I. Bedeutung und Struktur sozialer Grundrechte
1. Einführung
Im Jahre 1960 erhob ein Bewohner des Freistaates Bayern unter Berufung auf das in der Bayerischen Verfassung garantierte Recht auf Arbeit (Art 166 Abs 2) Verfassungsbeschwerde zum Bayerischen Verfassungsgerichtshof. Das Gericht wies den Antrag ab, nachdem es aufgrund eingehender historischer und verfassungssystematischer Argumentation zum Ergebnis gelangt war, daß die Verfassung dem Einzelnen insoweit keine Ansprüche einräume. „Der Staat wäre denn auch ... außerstande, jedem einzelnen Bürger gegenüber dafür einzustehen, daß er sich durch Arbeit eine auskömmliche Existenz beschaffen könne, gleichviel welche wirtschaftliche Lage in der Welt, besonders aber in Deutschland und bei seinen Partnern bestehen mag“1). Auf der anderen Seite hat das Bundesverwaltungsgericht (BVwG) in einer wahrhaft grundlegenden Entscheidung aus dem Jahre 1954 ohne spezielle Grundlage aus einer Zusammenschau verschiedener Verfassungsprinzipien ein verfassungsmäßiges Recht auf Fürsorge gefolgert2) und ist hierin auch durch das Bundesverfassungsgericht (BVfG) bestätigt worden3). Dasselbe Gericht erkannte erst in jüngster Zeit Ansprüchen, die dem Einzelnen aus der Sozialversicherung erwachsen, die Qualität verfassungsrechtlich gesicherter Eigentumspositionen zu4).
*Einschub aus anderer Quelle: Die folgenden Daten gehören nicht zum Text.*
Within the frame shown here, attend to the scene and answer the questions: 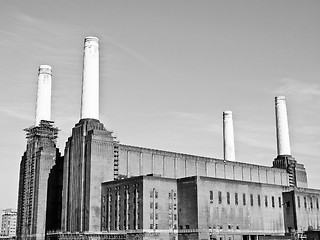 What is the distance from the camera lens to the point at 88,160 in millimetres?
79750

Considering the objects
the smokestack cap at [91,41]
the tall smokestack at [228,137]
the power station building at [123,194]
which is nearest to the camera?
the power station building at [123,194]

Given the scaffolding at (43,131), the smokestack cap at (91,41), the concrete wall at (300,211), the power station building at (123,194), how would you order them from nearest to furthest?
the power station building at (123,194) → the smokestack cap at (91,41) → the concrete wall at (300,211) → the scaffolding at (43,131)

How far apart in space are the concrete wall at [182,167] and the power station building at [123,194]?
0.69 ft

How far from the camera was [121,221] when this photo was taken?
7612 centimetres

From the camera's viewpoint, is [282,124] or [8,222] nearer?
[282,124]

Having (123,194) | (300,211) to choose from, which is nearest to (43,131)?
(123,194)

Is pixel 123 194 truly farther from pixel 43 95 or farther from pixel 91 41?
pixel 43 95

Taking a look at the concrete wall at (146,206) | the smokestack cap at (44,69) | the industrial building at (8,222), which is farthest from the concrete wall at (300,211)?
the industrial building at (8,222)

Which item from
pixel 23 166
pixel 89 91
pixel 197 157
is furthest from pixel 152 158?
pixel 23 166

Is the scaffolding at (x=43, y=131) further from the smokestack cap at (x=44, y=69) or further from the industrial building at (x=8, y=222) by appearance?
the industrial building at (x=8, y=222)

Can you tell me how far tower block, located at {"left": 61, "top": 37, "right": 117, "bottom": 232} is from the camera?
3098 inches

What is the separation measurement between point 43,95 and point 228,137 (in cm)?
4818

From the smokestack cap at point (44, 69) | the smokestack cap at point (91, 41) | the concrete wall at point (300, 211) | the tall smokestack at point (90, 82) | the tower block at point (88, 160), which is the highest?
the smokestack cap at point (91, 41)

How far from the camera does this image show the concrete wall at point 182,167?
8875 centimetres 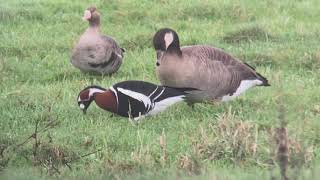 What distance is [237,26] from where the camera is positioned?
41.2ft

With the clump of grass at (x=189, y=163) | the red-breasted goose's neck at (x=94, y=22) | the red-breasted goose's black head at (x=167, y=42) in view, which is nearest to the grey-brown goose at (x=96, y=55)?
the red-breasted goose's neck at (x=94, y=22)

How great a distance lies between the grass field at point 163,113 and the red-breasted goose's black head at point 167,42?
66 cm

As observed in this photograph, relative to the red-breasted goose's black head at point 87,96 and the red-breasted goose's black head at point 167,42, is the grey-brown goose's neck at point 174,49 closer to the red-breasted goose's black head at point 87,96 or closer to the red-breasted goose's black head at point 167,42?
the red-breasted goose's black head at point 167,42

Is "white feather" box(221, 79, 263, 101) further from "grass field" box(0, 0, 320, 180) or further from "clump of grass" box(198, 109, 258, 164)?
"clump of grass" box(198, 109, 258, 164)

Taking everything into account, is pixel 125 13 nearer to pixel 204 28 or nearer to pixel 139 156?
pixel 204 28

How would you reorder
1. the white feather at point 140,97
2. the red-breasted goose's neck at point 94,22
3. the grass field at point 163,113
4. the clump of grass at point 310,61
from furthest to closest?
1. the red-breasted goose's neck at point 94,22
2. the clump of grass at point 310,61
3. the white feather at point 140,97
4. the grass field at point 163,113

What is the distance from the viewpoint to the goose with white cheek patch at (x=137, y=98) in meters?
7.33

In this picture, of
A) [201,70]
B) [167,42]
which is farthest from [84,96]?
[201,70]

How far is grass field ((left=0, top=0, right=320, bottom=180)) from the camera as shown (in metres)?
5.59

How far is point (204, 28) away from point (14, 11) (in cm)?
351

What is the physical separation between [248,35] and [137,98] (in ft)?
16.6

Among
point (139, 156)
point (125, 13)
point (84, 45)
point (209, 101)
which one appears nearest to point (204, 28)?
point (125, 13)

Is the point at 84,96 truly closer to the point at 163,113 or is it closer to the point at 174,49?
the point at 163,113

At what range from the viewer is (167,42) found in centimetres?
780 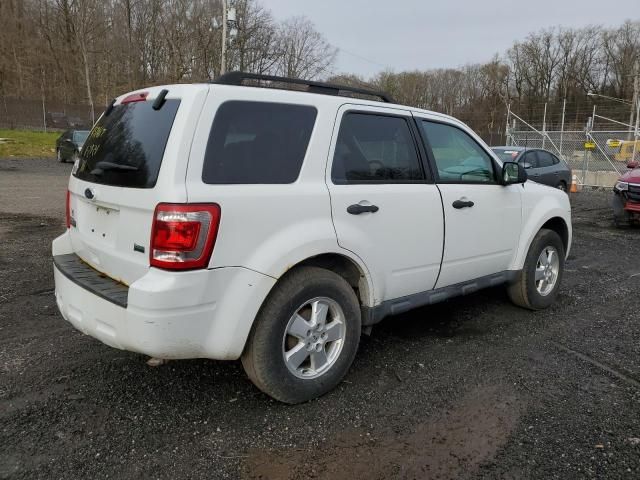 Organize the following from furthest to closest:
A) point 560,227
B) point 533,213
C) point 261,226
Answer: point 560,227
point 533,213
point 261,226

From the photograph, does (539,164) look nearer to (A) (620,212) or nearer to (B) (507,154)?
(B) (507,154)

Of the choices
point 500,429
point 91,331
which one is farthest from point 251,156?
point 500,429

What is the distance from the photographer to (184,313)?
2.56 m

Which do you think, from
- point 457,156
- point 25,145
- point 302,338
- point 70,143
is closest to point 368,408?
point 302,338

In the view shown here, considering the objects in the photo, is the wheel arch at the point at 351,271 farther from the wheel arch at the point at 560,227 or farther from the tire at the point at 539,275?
the wheel arch at the point at 560,227

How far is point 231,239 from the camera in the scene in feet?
8.68

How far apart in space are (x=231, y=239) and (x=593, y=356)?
2.96m

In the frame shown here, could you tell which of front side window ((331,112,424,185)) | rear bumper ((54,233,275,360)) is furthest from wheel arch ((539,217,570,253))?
rear bumper ((54,233,275,360))

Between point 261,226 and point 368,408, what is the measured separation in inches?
51.1

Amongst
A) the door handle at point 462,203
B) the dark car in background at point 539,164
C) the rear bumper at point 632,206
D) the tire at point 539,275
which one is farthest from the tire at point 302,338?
the dark car in background at point 539,164

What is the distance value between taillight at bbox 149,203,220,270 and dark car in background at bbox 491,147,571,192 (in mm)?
10467

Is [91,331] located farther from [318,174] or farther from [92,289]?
[318,174]

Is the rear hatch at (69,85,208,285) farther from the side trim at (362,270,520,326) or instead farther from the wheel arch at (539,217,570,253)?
the wheel arch at (539,217,570,253)

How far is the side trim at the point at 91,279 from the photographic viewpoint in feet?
9.03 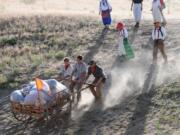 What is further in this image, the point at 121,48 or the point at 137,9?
the point at 137,9

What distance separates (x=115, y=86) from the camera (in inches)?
720

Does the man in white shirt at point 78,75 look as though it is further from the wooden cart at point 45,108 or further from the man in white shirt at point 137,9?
the man in white shirt at point 137,9

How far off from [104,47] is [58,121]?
23.4ft

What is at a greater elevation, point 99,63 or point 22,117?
point 99,63

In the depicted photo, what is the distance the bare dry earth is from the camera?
15446mm

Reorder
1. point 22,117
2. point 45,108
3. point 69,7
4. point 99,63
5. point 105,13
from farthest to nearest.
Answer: point 69,7 < point 105,13 < point 99,63 < point 22,117 < point 45,108

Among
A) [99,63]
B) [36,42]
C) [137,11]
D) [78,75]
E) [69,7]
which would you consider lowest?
[99,63]

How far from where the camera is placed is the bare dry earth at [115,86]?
50.7 ft

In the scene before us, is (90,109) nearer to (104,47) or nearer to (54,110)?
(54,110)

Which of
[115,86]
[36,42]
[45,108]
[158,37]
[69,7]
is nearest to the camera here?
[45,108]

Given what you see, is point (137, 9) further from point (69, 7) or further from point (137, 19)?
point (69, 7)

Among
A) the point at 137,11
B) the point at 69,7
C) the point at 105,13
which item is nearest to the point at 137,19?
the point at 137,11

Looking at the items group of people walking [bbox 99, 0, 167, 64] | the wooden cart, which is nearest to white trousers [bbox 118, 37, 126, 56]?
group of people walking [bbox 99, 0, 167, 64]


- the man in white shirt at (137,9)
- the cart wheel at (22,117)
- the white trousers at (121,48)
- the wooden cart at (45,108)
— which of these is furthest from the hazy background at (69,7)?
the wooden cart at (45,108) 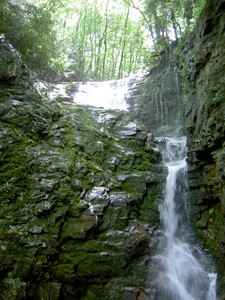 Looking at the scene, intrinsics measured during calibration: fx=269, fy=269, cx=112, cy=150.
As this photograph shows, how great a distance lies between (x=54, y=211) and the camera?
20.3 ft

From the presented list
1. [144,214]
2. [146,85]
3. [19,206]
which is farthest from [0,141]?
[146,85]

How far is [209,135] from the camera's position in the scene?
6902 mm

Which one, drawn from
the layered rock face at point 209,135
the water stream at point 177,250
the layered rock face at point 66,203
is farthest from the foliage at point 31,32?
the water stream at point 177,250

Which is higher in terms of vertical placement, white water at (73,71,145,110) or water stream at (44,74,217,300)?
white water at (73,71,145,110)

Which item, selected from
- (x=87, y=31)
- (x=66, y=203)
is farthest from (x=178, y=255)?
(x=87, y=31)

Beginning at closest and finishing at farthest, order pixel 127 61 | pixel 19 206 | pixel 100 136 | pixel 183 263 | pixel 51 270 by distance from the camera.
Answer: pixel 51 270
pixel 19 206
pixel 183 263
pixel 100 136
pixel 127 61

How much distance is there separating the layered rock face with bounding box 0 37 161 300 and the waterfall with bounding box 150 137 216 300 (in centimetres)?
44

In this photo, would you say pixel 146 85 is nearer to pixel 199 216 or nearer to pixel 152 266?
pixel 199 216

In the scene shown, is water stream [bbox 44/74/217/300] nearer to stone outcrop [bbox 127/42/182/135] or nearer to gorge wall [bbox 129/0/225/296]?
gorge wall [bbox 129/0/225/296]

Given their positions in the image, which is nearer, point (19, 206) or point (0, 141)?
point (19, 206)

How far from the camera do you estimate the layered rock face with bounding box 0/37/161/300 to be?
5426 millimetres

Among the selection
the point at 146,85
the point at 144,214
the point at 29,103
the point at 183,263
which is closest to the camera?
the point at 183,263

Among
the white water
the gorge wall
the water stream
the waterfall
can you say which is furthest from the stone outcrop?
the waterfall

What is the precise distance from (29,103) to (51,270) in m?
4.89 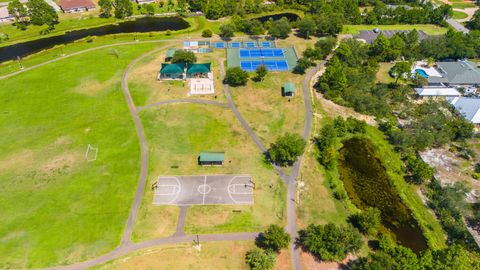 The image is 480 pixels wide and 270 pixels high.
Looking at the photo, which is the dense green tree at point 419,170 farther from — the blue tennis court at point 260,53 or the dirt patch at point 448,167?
the blue tennis court at point 260,53

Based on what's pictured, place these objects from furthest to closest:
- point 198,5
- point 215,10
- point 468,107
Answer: point 198,5, point 215,10, point 468,107

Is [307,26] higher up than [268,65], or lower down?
higher up

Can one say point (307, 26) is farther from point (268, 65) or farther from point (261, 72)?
point (261, 72)

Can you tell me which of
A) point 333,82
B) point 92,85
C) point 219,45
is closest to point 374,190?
point 333,82

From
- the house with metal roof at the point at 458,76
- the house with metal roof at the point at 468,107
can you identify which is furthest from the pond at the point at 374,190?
the house with metal roof at the point at 458,76

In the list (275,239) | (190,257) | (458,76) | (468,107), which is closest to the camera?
(275,239)

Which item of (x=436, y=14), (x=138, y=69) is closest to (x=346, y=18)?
(x=436, y=14)

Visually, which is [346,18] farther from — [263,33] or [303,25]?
[263,33] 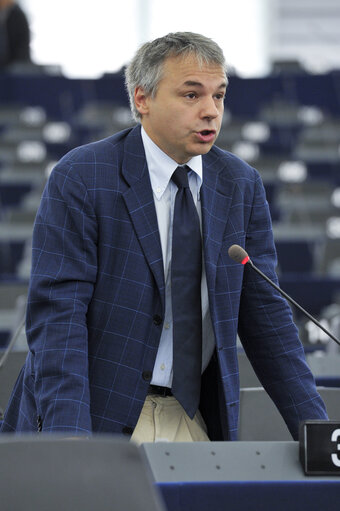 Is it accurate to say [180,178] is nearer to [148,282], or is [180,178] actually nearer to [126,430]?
[148,282]

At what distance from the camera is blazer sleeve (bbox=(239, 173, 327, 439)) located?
2406 mm

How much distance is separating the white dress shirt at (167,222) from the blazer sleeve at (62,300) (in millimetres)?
171

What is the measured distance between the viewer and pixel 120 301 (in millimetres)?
2227

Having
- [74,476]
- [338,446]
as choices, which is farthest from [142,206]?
[74,476]

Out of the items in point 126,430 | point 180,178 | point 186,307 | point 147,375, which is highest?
point 180,178

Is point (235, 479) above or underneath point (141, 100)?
underneath

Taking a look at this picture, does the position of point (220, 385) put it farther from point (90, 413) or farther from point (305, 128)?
point (305, 128)

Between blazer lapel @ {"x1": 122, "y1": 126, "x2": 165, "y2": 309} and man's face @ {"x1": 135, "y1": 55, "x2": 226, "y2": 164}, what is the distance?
0.11 m

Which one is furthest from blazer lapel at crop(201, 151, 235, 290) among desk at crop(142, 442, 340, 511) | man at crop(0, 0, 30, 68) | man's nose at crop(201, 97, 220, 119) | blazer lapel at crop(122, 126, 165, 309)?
man at crop(0, 0, 30, 68)

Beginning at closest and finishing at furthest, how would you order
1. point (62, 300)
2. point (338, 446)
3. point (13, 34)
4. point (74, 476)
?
point (74, 476) → point (338, 446) → point (62, 300) → point (13, 34)

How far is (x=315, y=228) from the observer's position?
7.95 meters

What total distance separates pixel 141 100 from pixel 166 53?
0.12m

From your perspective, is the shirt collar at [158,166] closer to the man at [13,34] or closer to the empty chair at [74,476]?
the empty chair at [74,476]

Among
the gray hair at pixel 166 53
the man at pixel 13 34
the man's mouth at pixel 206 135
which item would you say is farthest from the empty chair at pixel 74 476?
the man at pixel 13 34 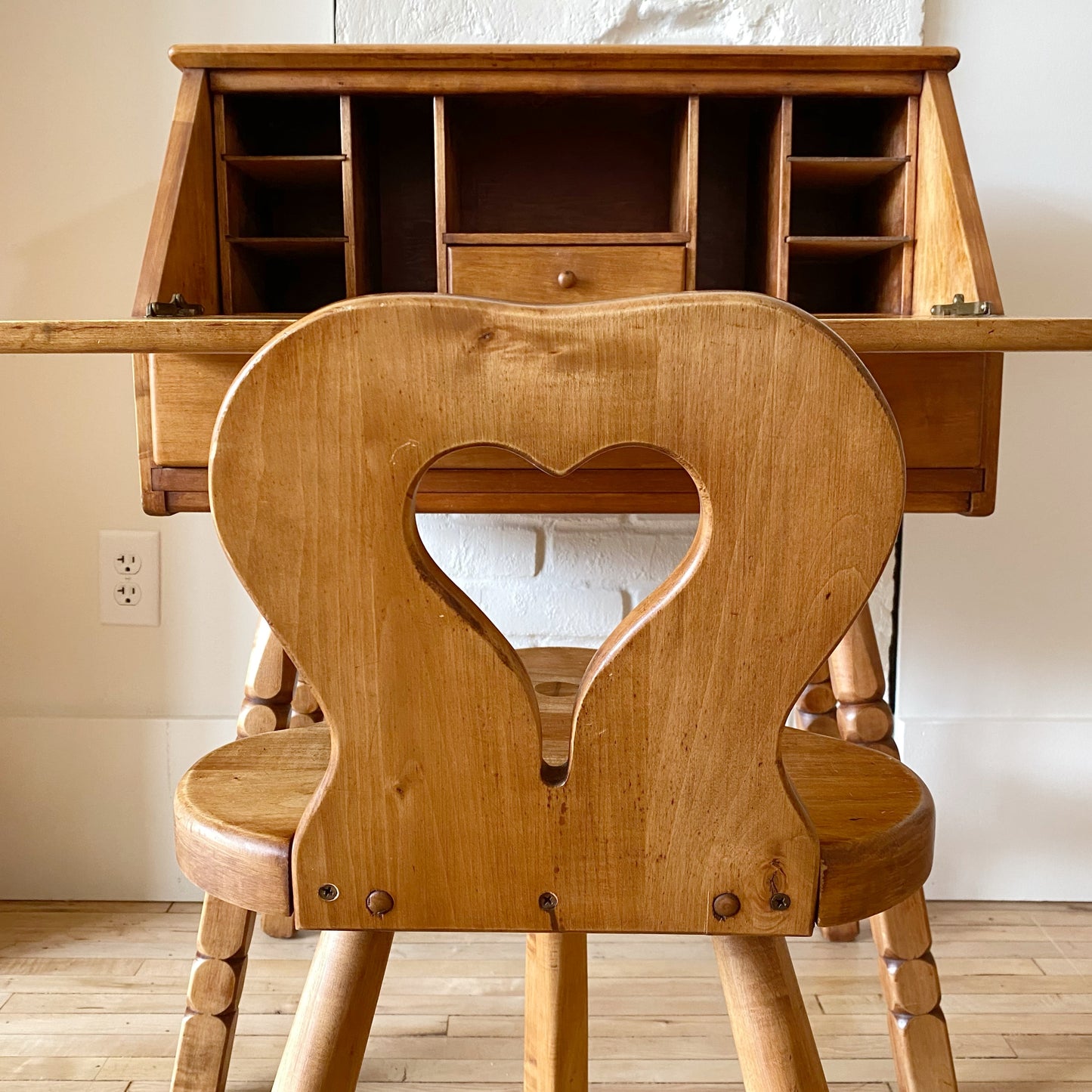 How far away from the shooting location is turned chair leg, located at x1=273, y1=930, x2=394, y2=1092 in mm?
603

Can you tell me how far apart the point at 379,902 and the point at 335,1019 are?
0.59 feet

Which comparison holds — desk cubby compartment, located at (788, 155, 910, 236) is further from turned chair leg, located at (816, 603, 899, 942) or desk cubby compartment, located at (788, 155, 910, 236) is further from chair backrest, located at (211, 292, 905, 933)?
chair backrest, located at (211, 292, 905, 933)

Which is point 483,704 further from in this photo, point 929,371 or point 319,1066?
point 929,371

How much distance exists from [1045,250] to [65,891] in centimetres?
161

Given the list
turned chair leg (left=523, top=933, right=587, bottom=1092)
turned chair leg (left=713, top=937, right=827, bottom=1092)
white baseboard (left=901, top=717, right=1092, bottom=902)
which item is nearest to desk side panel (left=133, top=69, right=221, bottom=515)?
turned chair leg (left=523, top=933, right=587, bottom=1092)

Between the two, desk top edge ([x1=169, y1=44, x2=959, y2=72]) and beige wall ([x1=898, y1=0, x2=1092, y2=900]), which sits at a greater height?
desk top edge ([x1=169, y1=44, x2=959, y2=72])

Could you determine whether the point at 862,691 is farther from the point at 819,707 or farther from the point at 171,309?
the point at 171,309

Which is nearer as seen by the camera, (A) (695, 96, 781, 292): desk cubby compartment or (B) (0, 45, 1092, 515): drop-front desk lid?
(B) (0, 45, 1092, 515): drop-front desk lid

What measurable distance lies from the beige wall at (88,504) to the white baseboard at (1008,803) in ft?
3.27

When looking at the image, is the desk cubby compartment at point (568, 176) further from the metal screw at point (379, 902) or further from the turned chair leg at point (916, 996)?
the metal screw at point (379, 902)

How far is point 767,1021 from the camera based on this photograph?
581 millimetres

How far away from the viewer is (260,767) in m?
0.62

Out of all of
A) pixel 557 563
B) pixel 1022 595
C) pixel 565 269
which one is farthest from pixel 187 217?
pixel 1022 595

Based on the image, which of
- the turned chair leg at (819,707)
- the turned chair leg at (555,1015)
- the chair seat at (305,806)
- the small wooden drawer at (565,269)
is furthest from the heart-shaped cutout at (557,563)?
the chair seat at (305,806) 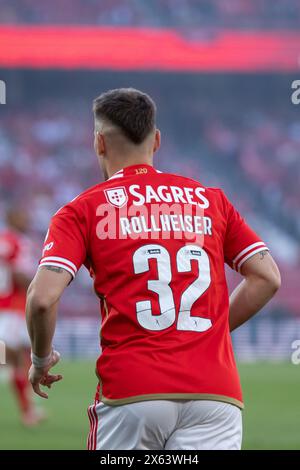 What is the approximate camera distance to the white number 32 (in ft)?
10.1

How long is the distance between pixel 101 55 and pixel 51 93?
5.94ft

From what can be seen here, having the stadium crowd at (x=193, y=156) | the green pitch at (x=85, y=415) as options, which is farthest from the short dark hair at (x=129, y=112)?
the stadium crowd at (x=193, y=156)

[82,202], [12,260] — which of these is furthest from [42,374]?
[12,260]

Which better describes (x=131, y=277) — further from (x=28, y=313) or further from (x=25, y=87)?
(x=25, y=87)

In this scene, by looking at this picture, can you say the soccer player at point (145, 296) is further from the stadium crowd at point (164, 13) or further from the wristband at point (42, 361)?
the stadium crowd at point (164, 13)

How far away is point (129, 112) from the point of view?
324 centimetres

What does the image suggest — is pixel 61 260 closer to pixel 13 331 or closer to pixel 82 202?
pixel 82 202

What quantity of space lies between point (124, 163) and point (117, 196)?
0.15m

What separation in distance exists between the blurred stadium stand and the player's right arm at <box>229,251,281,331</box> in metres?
18.7

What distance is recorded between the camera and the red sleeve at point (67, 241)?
3082 mm

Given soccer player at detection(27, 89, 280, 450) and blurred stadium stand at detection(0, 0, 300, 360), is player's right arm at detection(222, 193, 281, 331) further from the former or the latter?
blurred stadium stand at detection(0, 0, 300, 360)

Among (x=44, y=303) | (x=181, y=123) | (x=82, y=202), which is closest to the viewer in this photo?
(x=44, y=303)

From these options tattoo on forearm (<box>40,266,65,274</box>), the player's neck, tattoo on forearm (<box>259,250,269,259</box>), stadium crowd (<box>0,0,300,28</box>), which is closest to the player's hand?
tattoo on forearm (<box>40,266,65,274</box>) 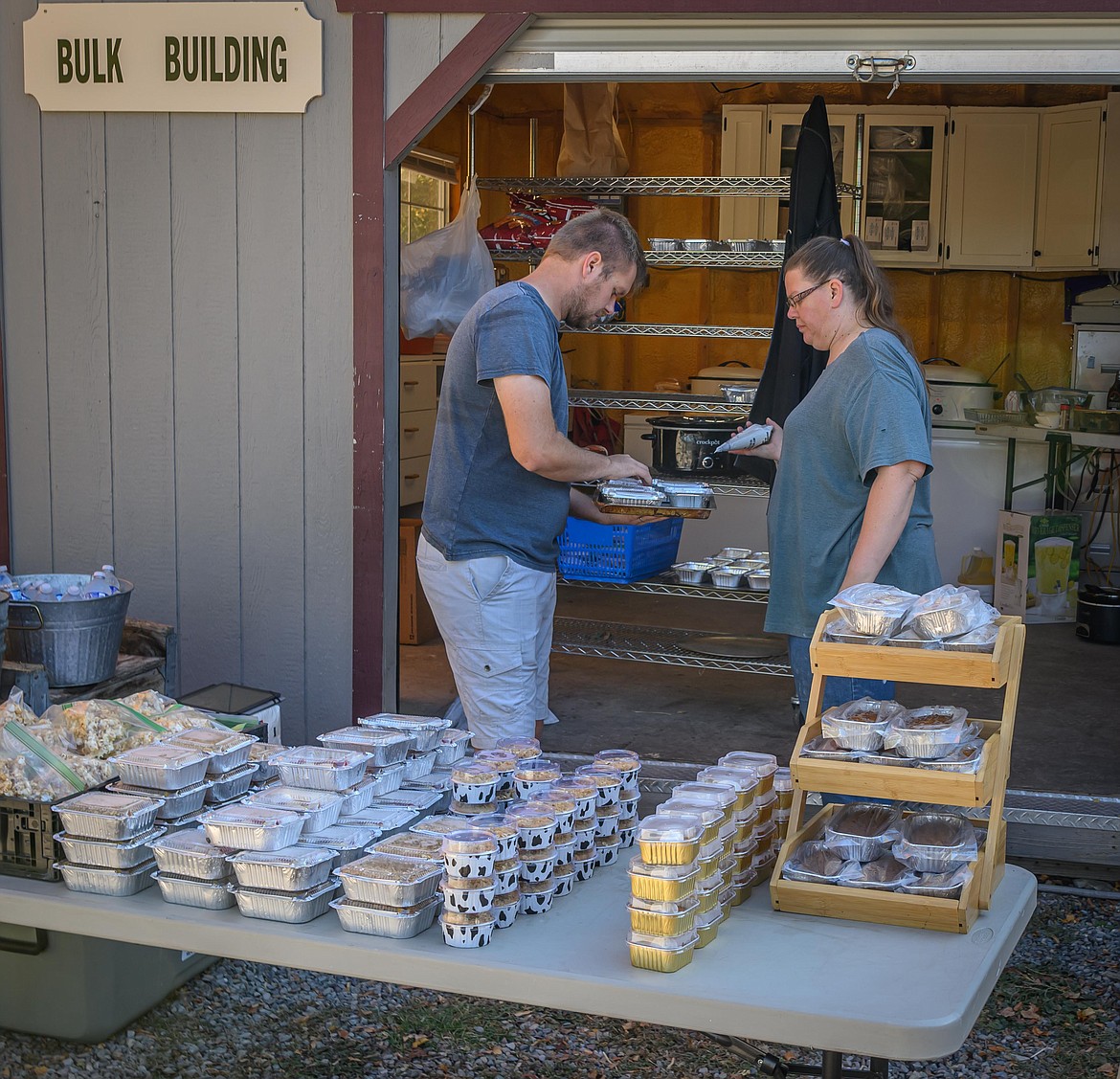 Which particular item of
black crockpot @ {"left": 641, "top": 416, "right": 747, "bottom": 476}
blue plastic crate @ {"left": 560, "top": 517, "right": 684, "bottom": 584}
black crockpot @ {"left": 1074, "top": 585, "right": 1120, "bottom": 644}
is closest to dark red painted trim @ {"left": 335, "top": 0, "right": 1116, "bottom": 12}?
black crockpot @ {"left": 641, "top": 416, "right": 747, "bottom": 476}

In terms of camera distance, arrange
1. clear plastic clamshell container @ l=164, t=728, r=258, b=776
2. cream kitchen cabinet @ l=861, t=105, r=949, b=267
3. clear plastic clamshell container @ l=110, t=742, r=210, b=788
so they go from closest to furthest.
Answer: clear plastic clamshell container @ l=110, t=742, r=210, b=788 → clear plastic clamshell container @ l=164, t=728, r=258, b=776 → cream kitchen cabinet @ l=861, t=105, r=949, b=267

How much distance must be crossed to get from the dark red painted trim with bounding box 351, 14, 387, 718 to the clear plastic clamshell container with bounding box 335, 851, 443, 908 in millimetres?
2116

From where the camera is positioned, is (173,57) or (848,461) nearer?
(848,461)

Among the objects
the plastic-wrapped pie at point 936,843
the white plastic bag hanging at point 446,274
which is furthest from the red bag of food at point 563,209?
the plastic-wrapped pie at point 936,843

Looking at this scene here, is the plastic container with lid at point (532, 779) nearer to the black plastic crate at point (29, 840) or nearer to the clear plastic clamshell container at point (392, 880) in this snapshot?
the clear plastic clamshell container at point (392, 880)

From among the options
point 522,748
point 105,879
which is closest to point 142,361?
point 522,748

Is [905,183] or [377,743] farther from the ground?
[905,183]

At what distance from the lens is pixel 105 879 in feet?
7.14

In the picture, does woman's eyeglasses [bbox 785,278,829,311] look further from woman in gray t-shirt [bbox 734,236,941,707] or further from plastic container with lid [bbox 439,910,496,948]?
plastic container with lid [bbox 439,910,496,948]

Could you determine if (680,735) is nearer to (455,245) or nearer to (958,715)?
(455,245)

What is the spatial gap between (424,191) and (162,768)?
5.42 meters

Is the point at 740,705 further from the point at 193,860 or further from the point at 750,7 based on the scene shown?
the point at 193,860

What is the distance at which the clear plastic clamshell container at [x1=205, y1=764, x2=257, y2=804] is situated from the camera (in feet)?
7.93

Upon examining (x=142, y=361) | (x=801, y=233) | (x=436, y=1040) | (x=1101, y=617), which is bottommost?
(x=436, y=1040) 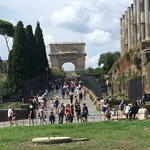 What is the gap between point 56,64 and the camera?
168 m

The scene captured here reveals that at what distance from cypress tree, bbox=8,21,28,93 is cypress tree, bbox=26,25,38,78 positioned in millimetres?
1391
Wohl am bekanntesten geworden ist seine Rechtsprechung zum Problem des numerus clausus, in der ein grundsätzlicher Anspruch auf Hochschulzugang anerkannt und ein Recht auf Schaffung von Ausbildungsplätzen erwogen wurde, und deren verfassungstheoretische, rechtspraktische und hochschulpolitische Folgen nach wie vor in der Diskussion sind5).